Das Urteil des Bezirksgerichts Innere Stadt Wien vom , GZ 13 U 290/11y 18, welches sonst unberührt bleibt, im Schuldspruch 1 und im Ausspruch nach § 42 SMG, demzufolge auch im Strafausspruch, ferner der Beschluss nach § 494a StPO werden aufgehoben und es wird die Sache zu neuer Verhandlung und Entscheidung an das Bezirksgericht Innere Stadt Wien verwiesen.
Text
Gründe:
In dem - aufgrund des Strafantrags der Staatsanwaltschaft Wien vom , AZ 125 BAZ 475/11d, eingeleiteten - Strafverfahren gegen Lucas S*****, AZ 13 U 290/11y des Bezirksgerichts Innere Stadt Wien, wegen des Vergehens des unerlaubten Umgangs mit Suchtgiften nach § 27 Abs 1 Z 1 erster und zweiter Fall, Abs 2 SMG wurde das Verfahren mit Beschluss vom gemäß §§ 35 Abs 1, 37 SMG unter Bestimmung einer Probezeit von zwei Jahren vorläufig eingestellt (ON 9).

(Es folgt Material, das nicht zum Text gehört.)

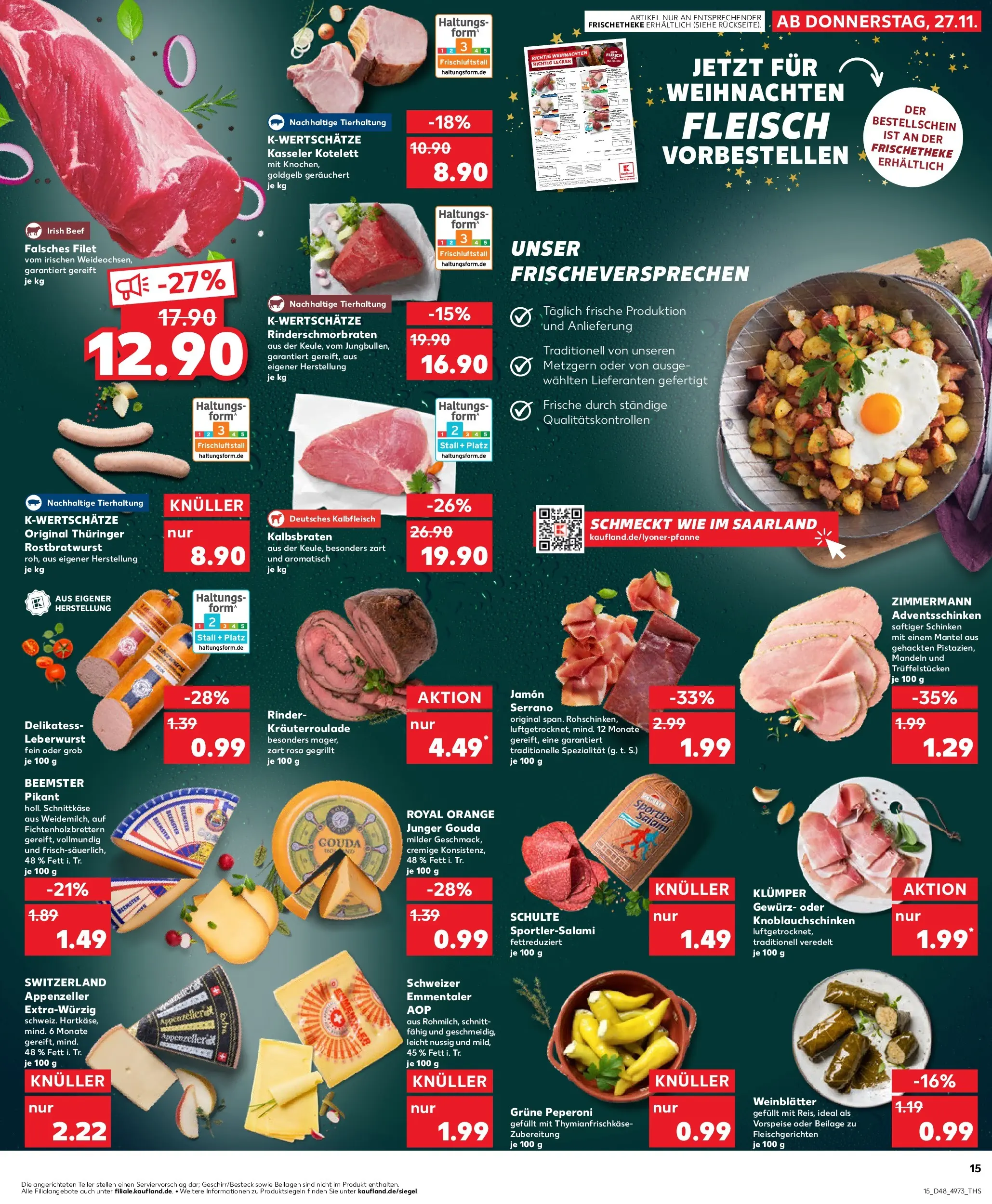 Prospekt Kaufland ab 27.11.2025 » Angebote Online zum Blättern | Seite: 15 | Produkte: Gouda, Mantel, Schinken, Fleisch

Mit Strafantrag vom legte die Staatsanwaltschaft Linz zu AZ 41 BAZ 937/13t dem Genannten eine als Vergehen nach § 50 Abs 1 Z 3 WaffG qualifizierte Tat zur Last (ON 3 in ON 17). Das angerufene Bezirksgericht Linz überwies dieses Verfahren - im Sinne des § 38 StPO (vgl 12 Os 142/13v; Oshidari , WK-StPO § 38 Rz 8; Bauer , WK-StPO § 450 Rz 9) - zu AZ 17 Ns 13/13p mit „Beschluss“ (richtig: Verfügung [§ 35 Abs 2 zweiter Halbsatz StPO; vgl Oshidari , WK-StPO § 37 Rz 7]) vom zur Verbindung mit dem zuvor genannten Strafverfahren gemäß § 37 (Abs 3) StPO dem Bezirksgericht Innere Stadt Wien (ON 1 S 3 verso in ON 17), wo die betreffenden Akten am einlangten (ON 1 S 3 verso in ON 17; zur den Konnexitätstatbestand des § 37 Abs 3 StPO bedingenden Anhängigkeit des Hauptverfahrens ungeachtet des - noch nicht mit Einstellungsbeschluss endgültig beendeten - „Diversionsverfahrens“ siehe RIS Justiz RS0126517; vgl aber künftig § 37 Abs 2 StPO idF BGBl I 2014/71).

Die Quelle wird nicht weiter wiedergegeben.